Romantico e guerriero per definizione e ora più che mai ribelle e cupo, il terzo atto delle avventure di Katniss Everdeen, la ragazza-messia che, futuribile Giovanna D'Arco, sogna di essere solo una donna ma è chiamata a diventare un simbolo («tutti quanti vorranno baciarti, ucciderti oppure essere te»), indossa il solito costume young adult attingendo all'iconografia classica (i bombardamenti notturni del Distretto 13 ricordano quelli della seconda guerra mondiale, così come la liberazione di Peeta richiama alla memoria l'operazione per uccidere Bin Laden...) per riflettere - nell'inevitabile guerra tra il potere di uno e la rabbia di tutti - su temi trasversali come l'uso deviato dei media e la manipolazione, là dove la battaglia da vincere è prima di tutto quella della propaganda. 

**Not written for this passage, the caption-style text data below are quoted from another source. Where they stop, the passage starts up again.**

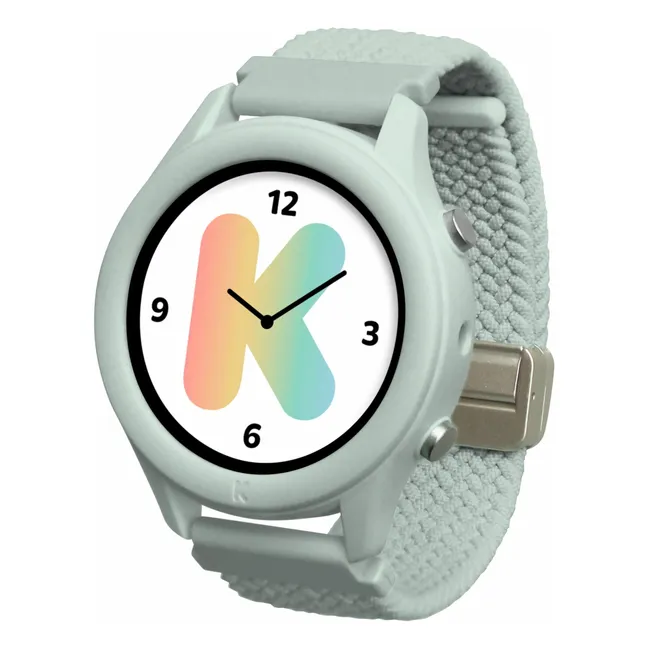 Orologio connesso | Turchese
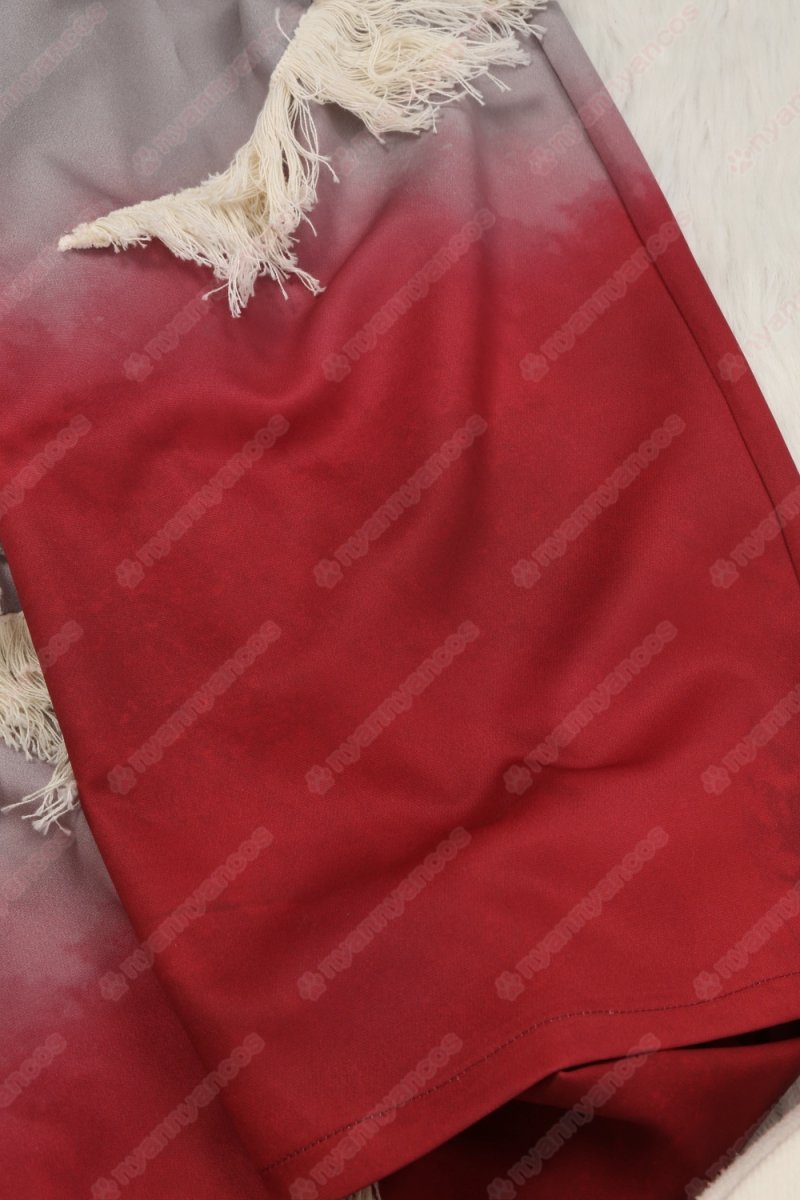 画像15: 高品質 実物撮影 ティル Till ROUND7  エイリアンステージ　Alien Stage 風 コスプレ衣装 コスチューム オーダーメイド (15)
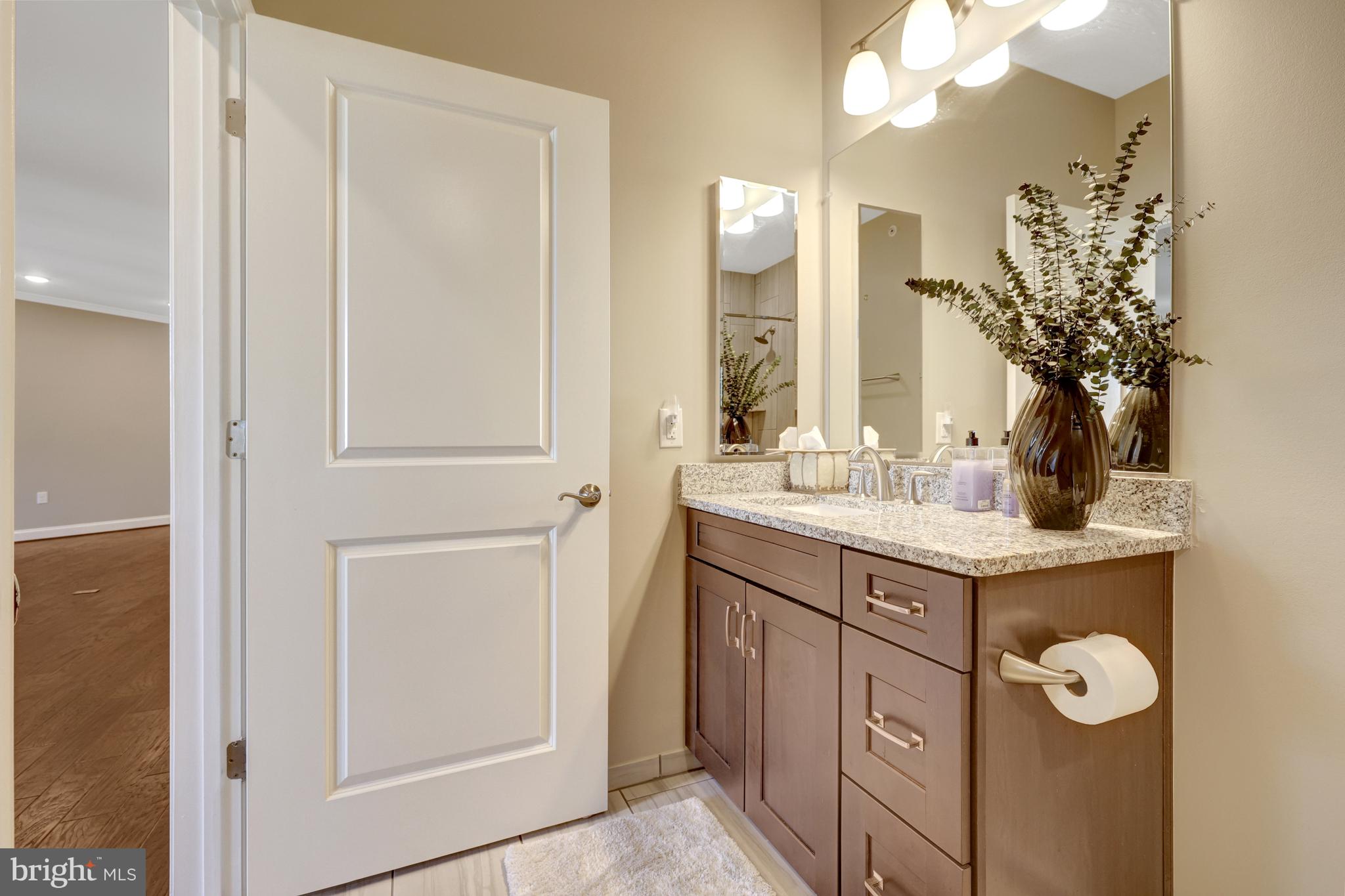 BIRCHWOOD AT BRAMBLETON - Residential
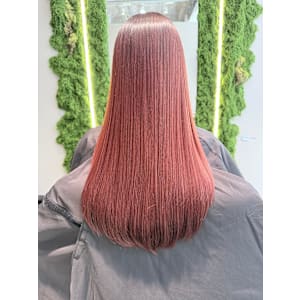 KAMIGAMI栄【カミガミ】×スタイル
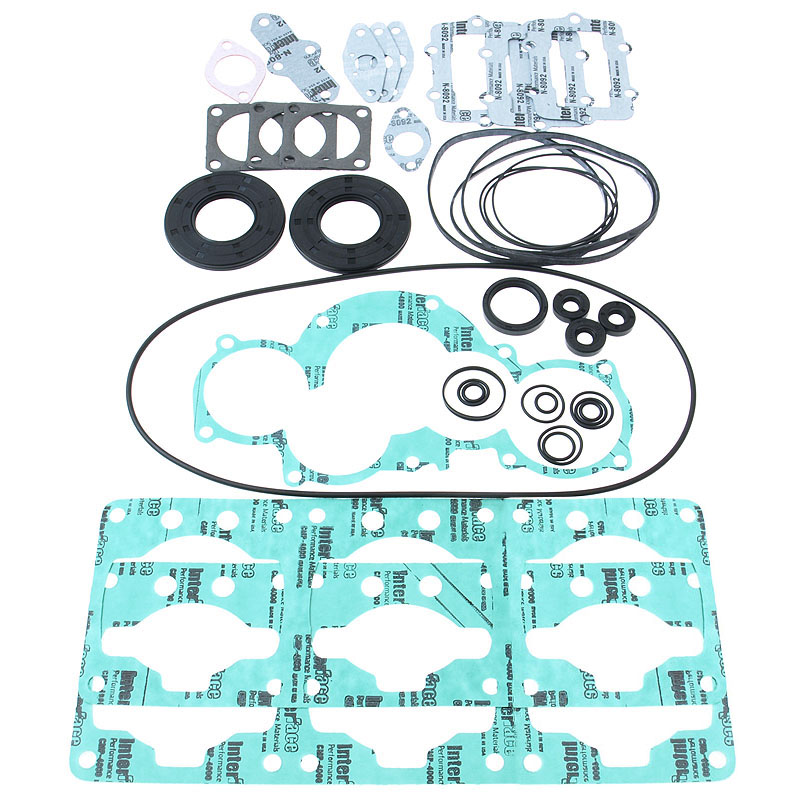 Vertex Packningssats (Standard)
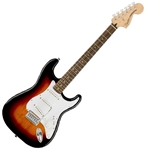 Fender Affinity Strat 3-Color Sunburst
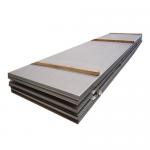 10mm Nickel Alloy Sheet Ss Cold Rolled 2B Mirror Brushed Incoloy 20 for sale
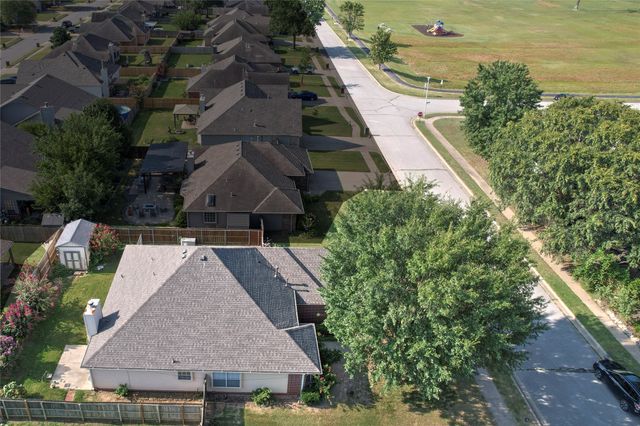 11621 S 103rd East Avenue, Bixby, OK 74008
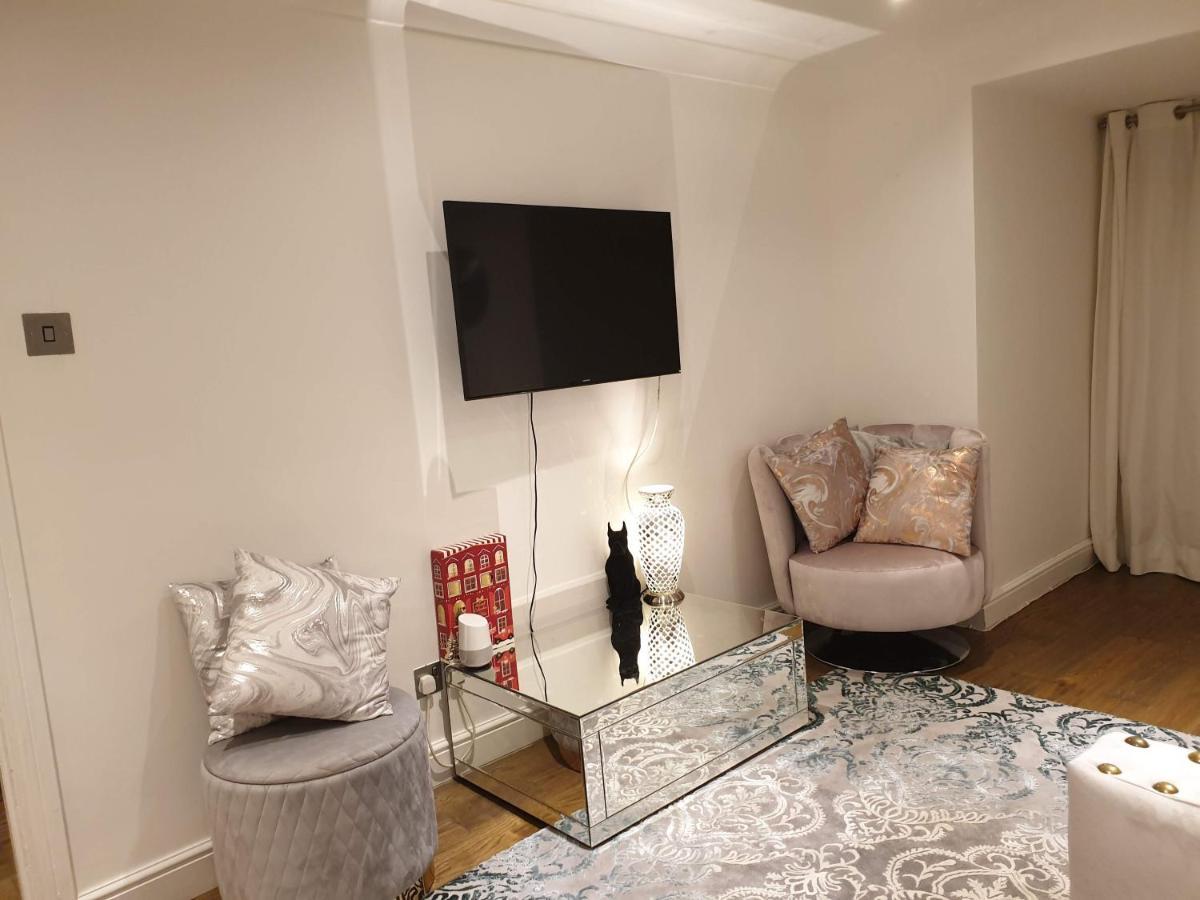 Apartment Cozy Muswell Hill 1-bedroom Flat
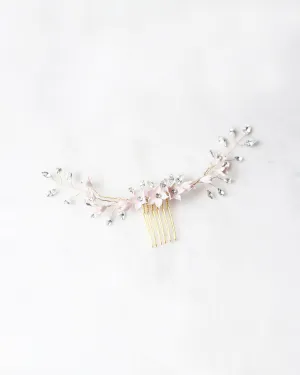 Belle Fleur Grand Comb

A tratti teso, anche spettacolare, il fanta kolossal di Francis Lawrence, pur efficace, è però il classico film di passaggio, o film esca: ti invoglia a vedere come andrà a finire, ma non aggiunge molto (a parte il bello, anche se parecchio annunciato, strappo finale) a quanto già detto.  Dedicato a Philip Seymour Hoffman (morto prima di finire le riprese della parte II), il nuovo «Hunger games» è afflitto poi dal doppiaggio stonato di Jennifer Lawrence: per quanto la voce sia la stessa che ha accompagnato l'attrice in tutta la serie (ma non nelle altre sue pellicole), il fastidio è pari solo all'ostinazione di chi crede ancora (erroneamente) che guardare un film con i sottotitoli sia più  faticoso che salire a piedi fino all'ultimo piano dell'Empire State Building.